Pour autant, beaucoup d’incertitudes demeurent. Les experts soulignent que le principal écueil réside dans l’absence d’unité au sein même du camp palestinien et dans la fracture qui s’aggrave entre Gaza et la Cisjordanie. De surcroît, la donne politique en Israël, marquée par la montée de courants nationalistes et religieux, rend les compromis plus difficiles. Le jeu des puissances internationales, en particulier la position américaine, sera également décisif : un appui clair et concret est nécessaire pour faire appliquer tout accord potentiel, surtout si l’on souhaite garantir un gel de la colonisation ou une levée progressive du blocus.
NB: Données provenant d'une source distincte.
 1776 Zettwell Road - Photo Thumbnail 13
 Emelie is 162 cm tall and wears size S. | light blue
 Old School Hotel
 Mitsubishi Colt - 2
La lassitude de la communauté internationale face à un conflit qui s’éternise peut également jouer contre un processus de paix global, la priorité pouvant être donnée à des crises plus récentes (Syrie, Yémen, Sahel, etc.). Toutefois, l’histoire a montré que le conflit israélo-palestinien reste un enjeu majeur pour la stabilité du Moyen-Orient : tant que cette question n’est pas résolue, elle peut alimenter d’autres tensions et nourrir des discours extrémistes, voire des actes de violence.
Conclusion
La session du Conseil de sécurité présidée par l’Algérie marque un moment important dans la quête, toujours inachevée, d’une paix globale entre Israéliens et Palestiniens. En soulignant l’urgence d’une solution politique solide et en réaffirmant l’incontournable solution des deux États, l’Algérie se positionne comme l’un des défenseurs les plus déterminés de la cause palestinienne au sein des instances internationales.
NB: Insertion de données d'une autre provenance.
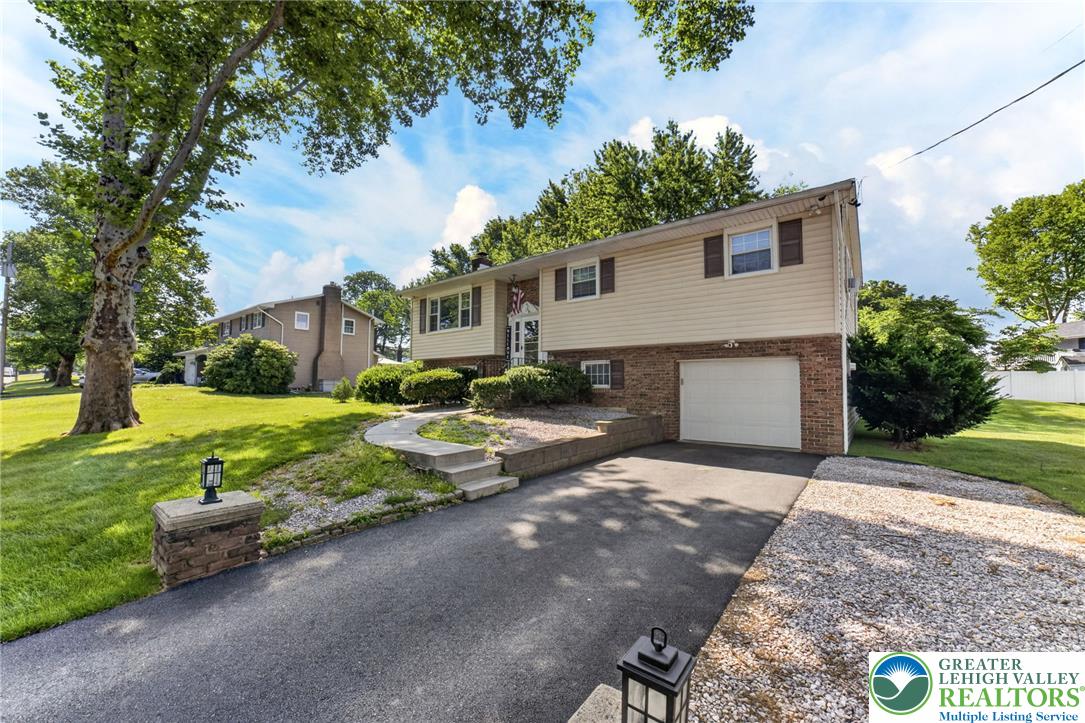 2716 Plymouth Drive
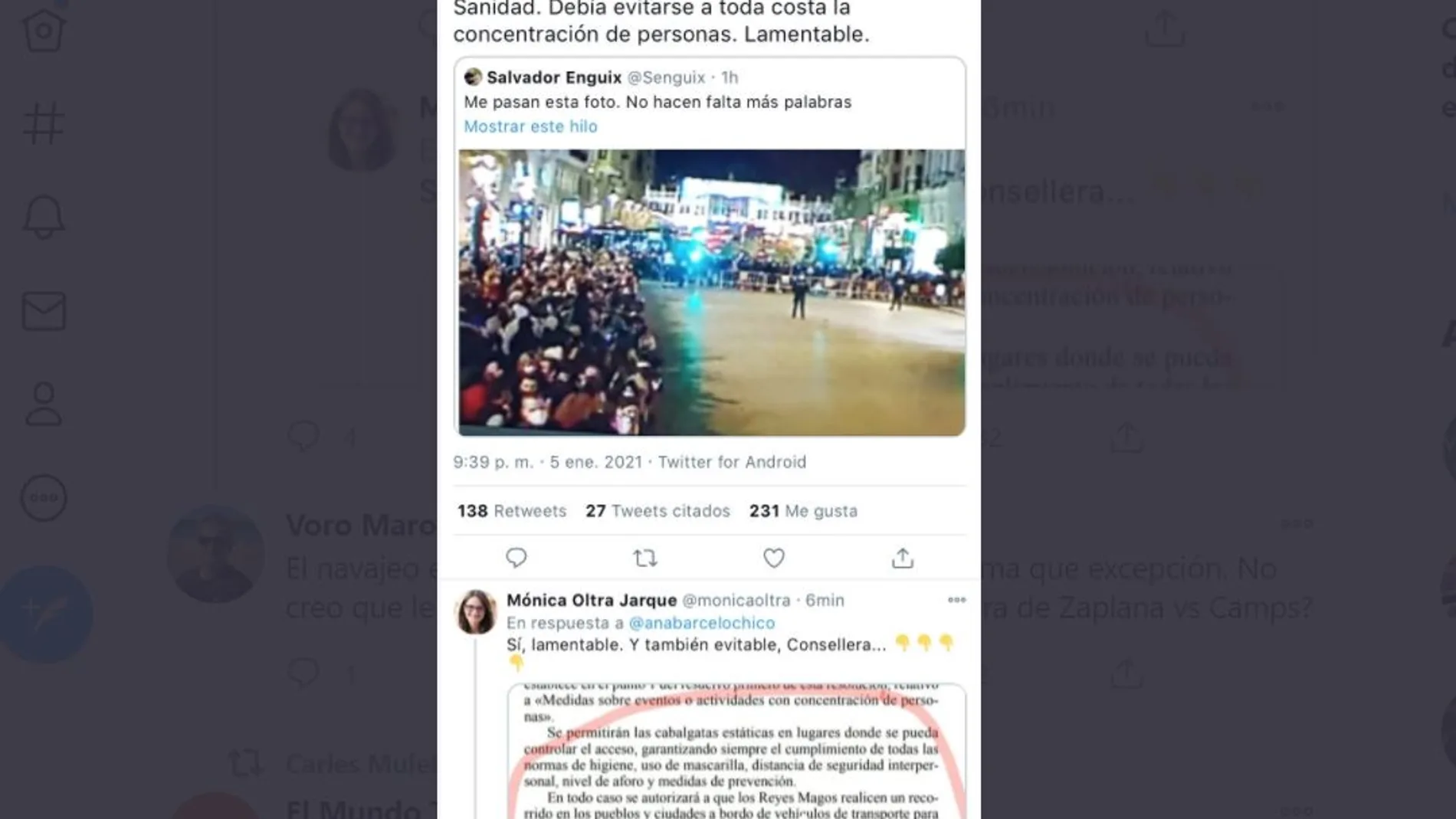 Captura del enfrentamiento en Twitter entre Ana Barceló y Mónica Oltra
Pour autant, les défis à relever restent considérables. Il faudra compter avec les divisions internes du camp palestinien, les recompositions géopolitiques régionales, et les divergences d’intérêts entre puissances internationales. La promesse d’une conférence internationale à la mi-année suscite un certain espoir, mais la réussite de cette initiative dépendra de la volonté politique des principaux acteurs, ainsi que de la mobilisation d’une communauté internationale souvent partagée entre lassitude et détermination.
Si l’Algérie se dit prête à poursuivre ses efforts humanitaires et diplomatiques, elle ne peut agir seule. Le soutien d’autres pays, l’implication des Nations unies et la participation active des protagonistes du conflit sont indispensables pour sortir de l’impasse. Dans ce processus, chaque voix compte : celle des Palestiniens sur le terrain, qui aspirent à la dignité et à la liberté ; celle des Israéliens favorables à une cohabitation pacifique ; celle des pays tiers, qui peuvent peser sur les négociations.
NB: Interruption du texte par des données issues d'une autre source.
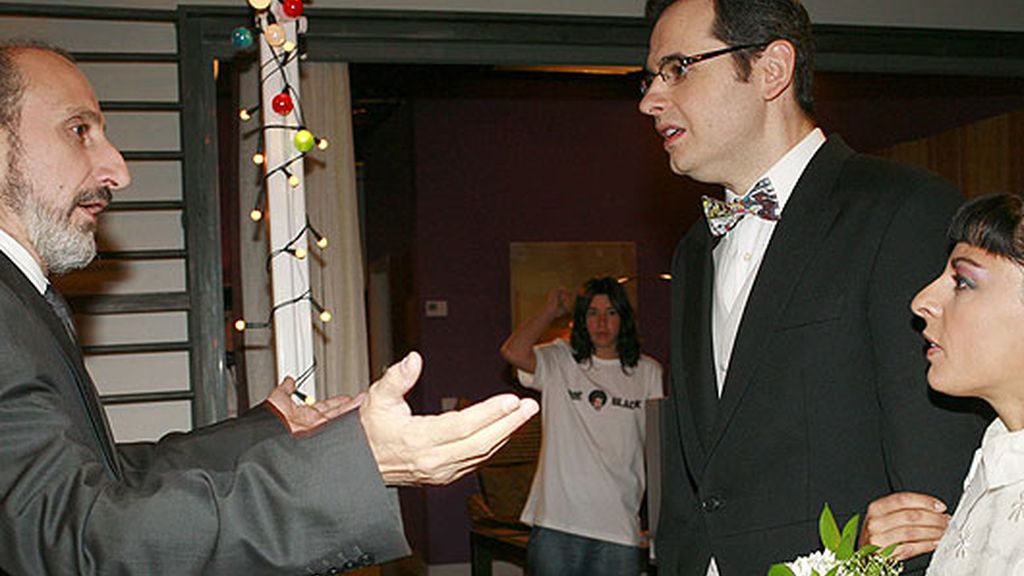 Cap. 9,T.2: 'Swingers, una boda exprés y una niña huerfanita'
L’initiative algérienne résonne donc comme un appel à la fois ferme et pragmatique : la paix, pour être durable, doit reposer sur la justice. Les prochaines étapes, qu’il s’agisse de la réconciliation inter-palestinienne ou de l’organisation de la conférence internationale, diront si la communauté internationale est prête à franchir le cap de la simple rhétorique pour prendre des mesures concrètes. Dans un Moyen-Orient déjà troublé par plusieurs conflits, le règlement de la question palestinienne constituerait un message d’espoir. Reste à savoir si celui-ci sera entendu au-delà des murs du Conseil de sécurité.